PROBLEM TO SOLVE:
Each entry that follows is to be duplicated exactly, without its images.

DATA FOR REVIEW:
___
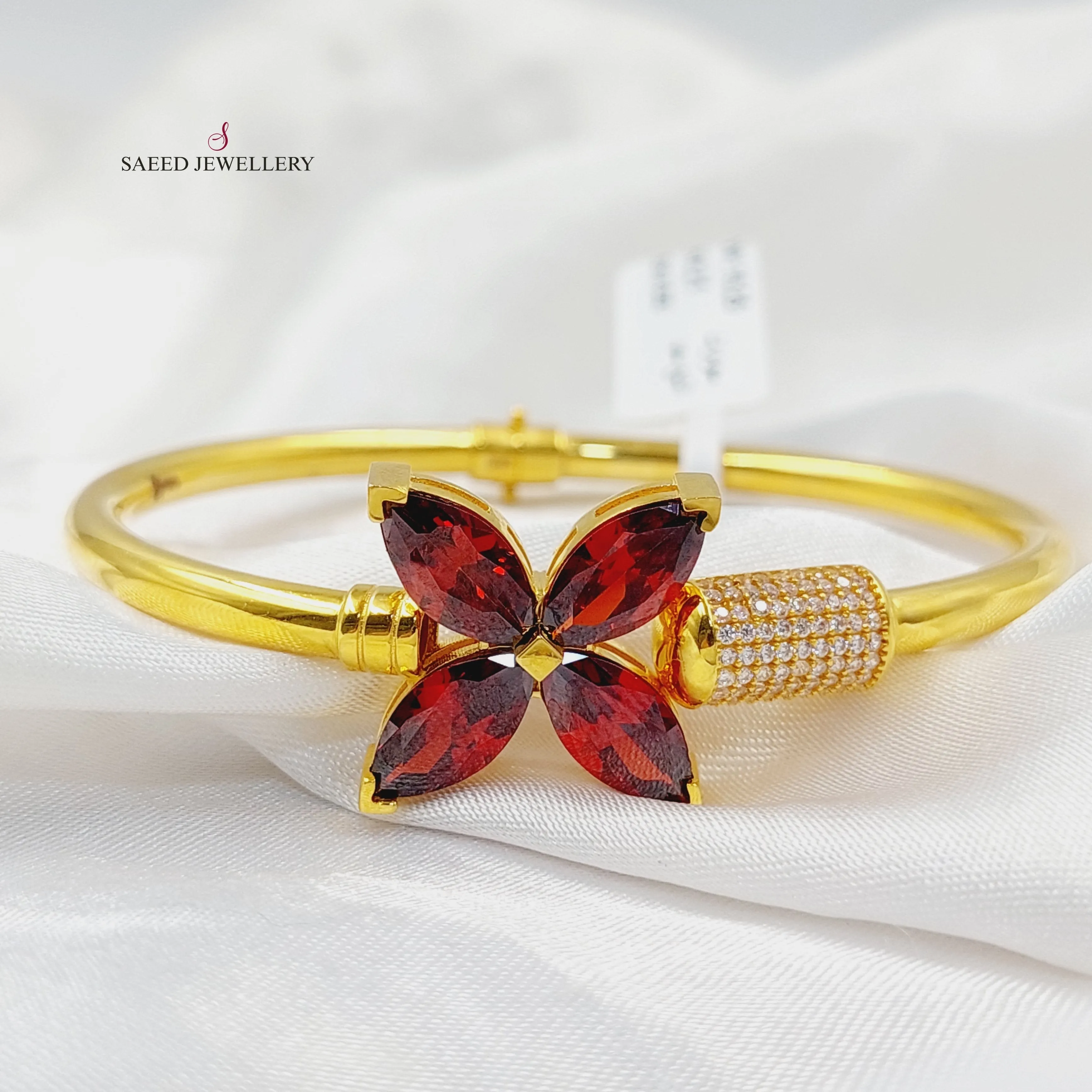 Zircon Studded Clover Bangle Bracelet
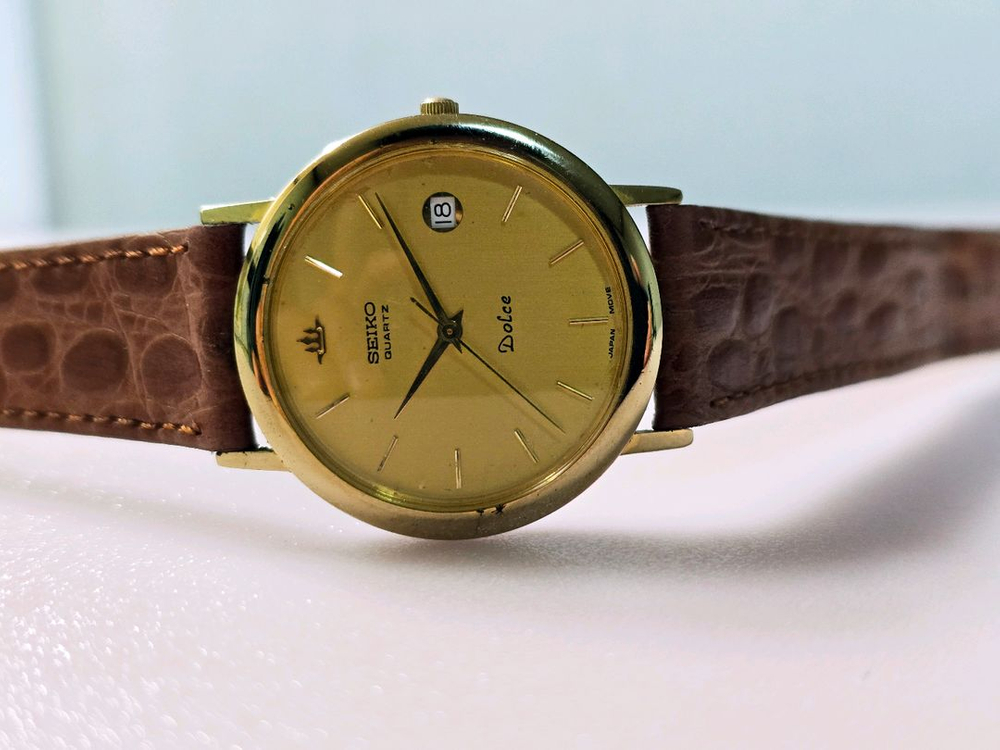 세이코 돌체(Seiko Dolce) 빈티지 금장 쿼츠 시계 이미지
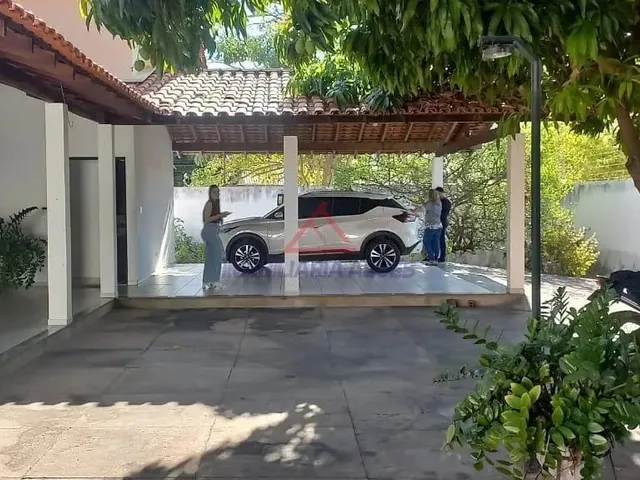 Imagem: A casa possui 5 Dormitórios, 3 Suítes, 2 Banheiros, 4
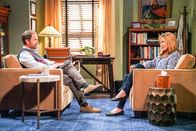 Mom – Trevor (Rainn Wilson, l.); Bonnie (Allison Janney, r.)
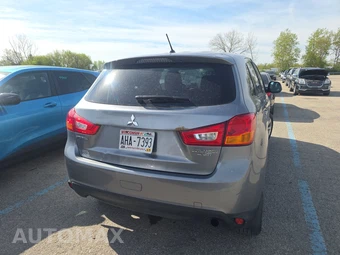 2014 Mitsubishi Outlander Sport ES – miniatura 5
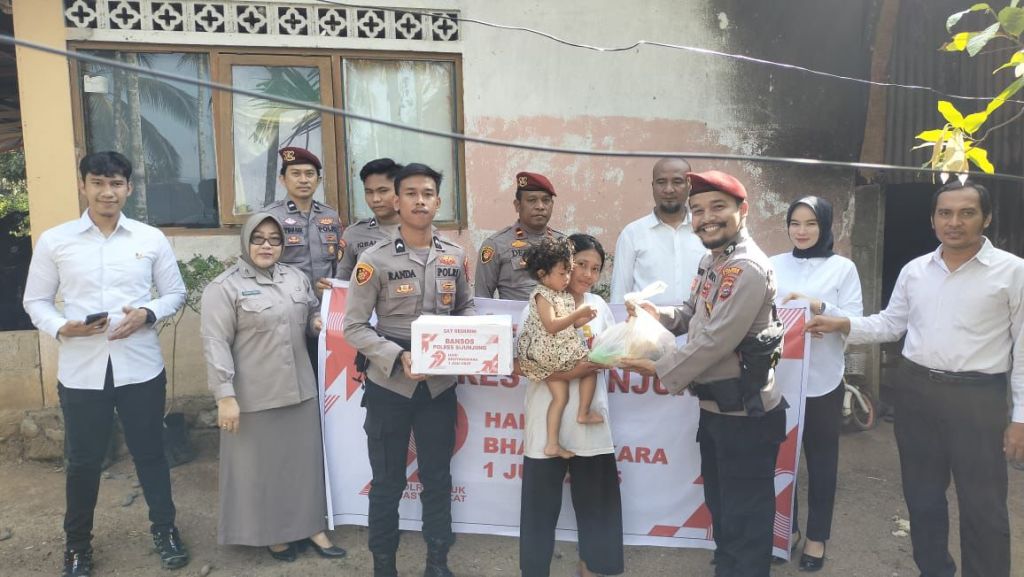 Satuan Reserse Kriminal Polres Sijunjung Laksanakan Bakti Sosial Dalam Menyambut HUT Bhayangkara&nbsp;ke-79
___
ANSWER BOX:
 Zircon Studded Clover Bangle Bracelet
 세이코 돌체(Seiko Dolce) 빈티지 금장 쿼츠 시계 이미지
 Imagem: A casa possui 5 Dormitórios, 3 Suítes, 2 Banheiros, 4
 Mom – Trevor (Rainn Wilson, l.); Bonnie (Allison Janney, r.)
 2014 Mitsubishi Outlander Sport ES – miniatura 5
 Satuan Reserse Kriminal Polres Sijunjung Laksanakan Bakti Sosial Dalam Menyambut HUT Bhayangkara&nbsp;ke-79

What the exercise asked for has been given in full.